Authorities haven’t offered a motive for Escobar’s murder. But an increasingly bloody and aggressive drug war has led to a spike in homicides and grisly crime scenes in Guayaquil in recent years that mimic some of the bloodiest tactics of Mexico’s drug-related violence: decapitated heads, bodies hanging from bridges, and bomb attacks.

Authorities found seven 9mm bullet casings near Escobar’s body, according to Xavier Chango, the national head of criminalistics. Photos posted to Twitter showed the prosecutor crumpled on asphalt next to a tree in a suit and tie, his clothes soaked with blood. 

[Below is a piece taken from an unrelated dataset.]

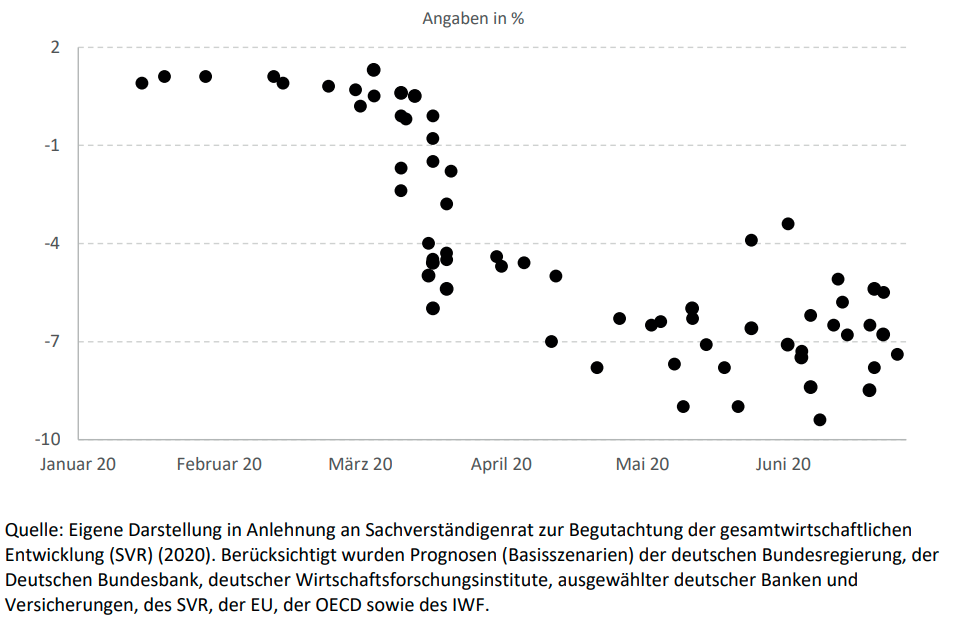 Globale Wertschöpfungsketten in Zeiten von Covid-19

Throughout his career, Escobar handled sensitive murder and drug-trafficking cases, according to El Universo newspaper. It also reported that as of July, Escobar was prosecuting eight alleged members of a criminal organization for drug trafficking. It’s unclear what organization the defendants were associated with or the status of the case against them.

Also this year, Escobar prosecuted two inmates accused of participating in a prison massacre in November that left 68 inmates dead and another two dozen people injured, according to El Universo. The bloodbath at Litoral Penitentiary, an overcrowded and gang-controlled facility in Guayaquil, is believed to have stemmed from an ongoing feud between prison gangs. It’s one of many prison riots that have killed hundreds of inmates, including one in September 2021, also at Litoral Penitentiary, that left more than 100 dead.   

The number of murders in Ecuador rose more than 80 percent last year, to 2,494, up from 1,371 in 2020, according to statistics from the Security Ministry. 

Ecuador’s president, Guillermo Lasso, a conservative who took office in May 2021, declared a fourth state of emergency in Guayaquil in August after a bomb killed five people and injured 17 others.

“Criminal gangs have become a government within a government in Ecuador,” Guayaquil Mayor, Cynthia Viteri, wrote in an open letter to the president after the explosion. “Who is in charge here, organized crime or an enslaved government?”